第973回 「訥庵寄席」観戦記録

あいこう【愛好】(名)愛し好むこと。− 金澤庄三郎編『廣辭林新訂版』三省堂発行(昭和12年1月25日新訂第360版)より引用。
 
 土曜日は訥庵寄席であった。
 朝、11時に心斎橋キャンパスに赴くと、演者・関係者らが参集、準備が始まった。
 舞台を組み、椅子を並べ、飾り付けが終わると、お囃子の音合わせが始まる。僕はこの瞬間が一番好きだ。恐らく関係者のテンションが一日の中で一番高い。そのテンションも各自、朝からお布団抜け出たての、(昭和30年代までの)16、7の乙女のような純白さで、空間を占める適度な緊張感と、各員の精神電圧が拮抗し、ピンと張り詰めた空気を味わえる。
 殊に、自分が演者でない寄席は堪らない。単なる一傍観者として、関係者らが、齢幾つ何十になってもキリキリと率先して仕事を見つけ働く様を見るのはすがすがしい。
 僕は、あらかた椅子を並べ終えた客席にドッカと座り、皆の奮闘を見回すこの瞬間、いつも「ああ落大に生まれて良かったなあ」と感慨に耽るのである。
 この時もお囃子の音を聞きながら涙ぐみ、独り「うむぅ…」などと唸って落語愛好者の至福の時を堪能していた(=少しが間サボっていた)が、席主である千太師が、踏み台にしているイスをガタガタ言わせて高いとこに紅白幕を張ってはる。まことに危ない。
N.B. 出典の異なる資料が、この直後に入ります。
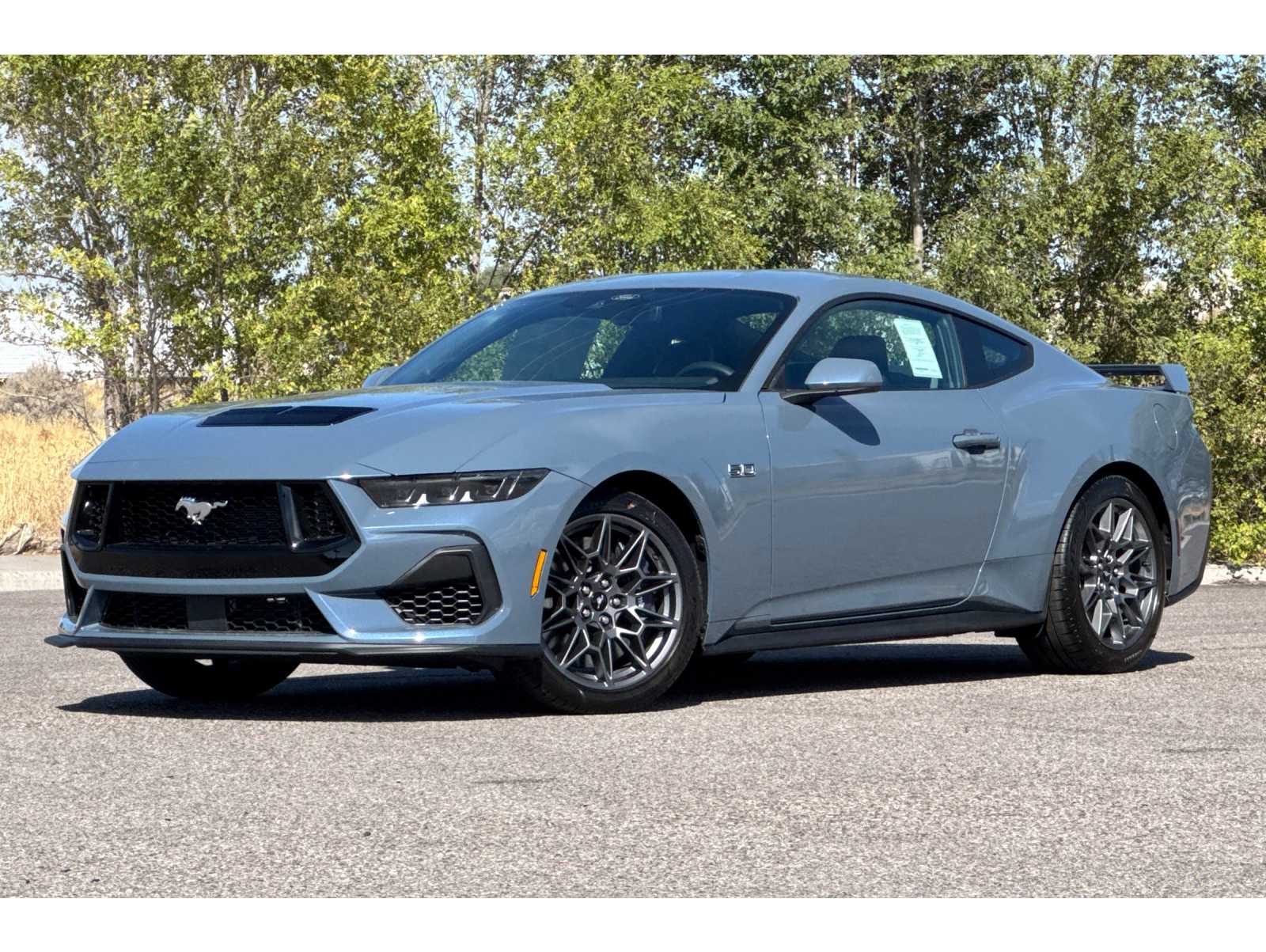 2025 Ford Mustang GT Premium's photo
危険だ。
 何が危ないというて、あんなにイスをガタガタ言わして、もし関大の備品であるあのイスに傷でも入ったら。いや、せやない、イスやない、イスの心配している場合か。おれはバカか。床だ。床への振動が建物の構造に影響を。
 まあともかく、「おお、こりゃいかん、あの方からすればワシゃ鼻垂れ小僧じゃわい、戦列に復帰復帰」と、感涙に潤んだ目を乾かせ、歳相応に鼻を垂らして、イスガタ師と交代したのであった。
 所感を記録しておこう。
 先鋒は先日池田でご一緒した学乱師による看一。関大亭の深い感情の源泉を見る。前回よりかなり良かったのに令夫人さやか女史は腕を組み怖い顔して見てなさる。もしかしたらあの人の落語の見方がああなんであって、出来不出来に関係なく腕組みの怖顔かえ。そうと知ってりゃ、ワシこないだ、あないビビリ倒さいでも良かったのに。八百屋の枕は頂いた。
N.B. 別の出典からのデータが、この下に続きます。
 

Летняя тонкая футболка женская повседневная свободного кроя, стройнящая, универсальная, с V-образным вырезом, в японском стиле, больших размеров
 次鋒、やん愚兄による昭和任侠伝。僕の当日のメモに「歌謡しょー」と書いてある。拍手を得るのに左手をクルクル回す振りあり。この人は僕と似ていると笑鬼さんに言われると最大限の抵抗を示すがあの客の触り方を見ているとまんざら遠い気もしない。
 中堅、中取りに茂八君による猫の忠信。僕は彼の名演を数々見たが、彼はまた腕を上げたと思う。細部に渡り検討され尽くし、演じて切っ先に迷いなく、音源フェチの僕からするとフリの細部までをためらいやぞんざいさなしに演じ切る彼は見事であった。夫婦をもめさしにいく男などは「茂八」であった。笑う。中入りに煙草を吸いに外へ出て笑鬼さんと腕を上げたと確認し合う。僕などはざらけた場に出すぎていて、もはや「美しく」噺をすることが出来なくなってしまっているのだけれど、君を見ていると僕自身のハンディキャップを乗り越えて進まなければならぬ行き道の一つの先を示してくれていて、かつてマルクと君たち二人をして「灯台(いつぞやの日記に書いている)」と称したのもあながち間違いではなかったように思う。
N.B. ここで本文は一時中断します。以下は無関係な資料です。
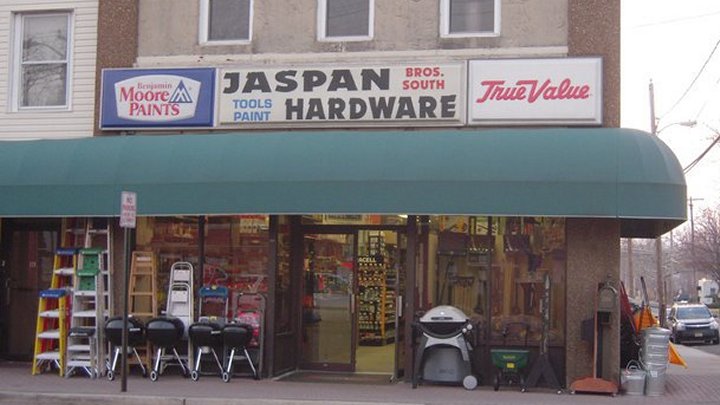outside1a.jpg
 中入り後の本日の副将、もたれは一福君による二人癖。僕は彼と中加賀屋公園で稽古して浮浪者に声掛けられたことなどを思い起こしていた。二人とも若かった頃だ。社会人になって彼が落語をしているのを聞いたことがなかった。寄席で会ってもお囃子に傾注している彼を見続けていたのだ。当日の彼は枕のカミカミも武器にして実に生き生きと好演した。自分の仁以上のものがにじみ出、人物の感情の流れを演者自身が舞台上でお客様と歩みを同じうして楽しむ、僕が自身あれかしと願うものだった。当日のメモに「激高セル感情ノ押シニ普段ノ一福ト異ルヲ見、心地好シ!!(原文ママ)」とある。見直した。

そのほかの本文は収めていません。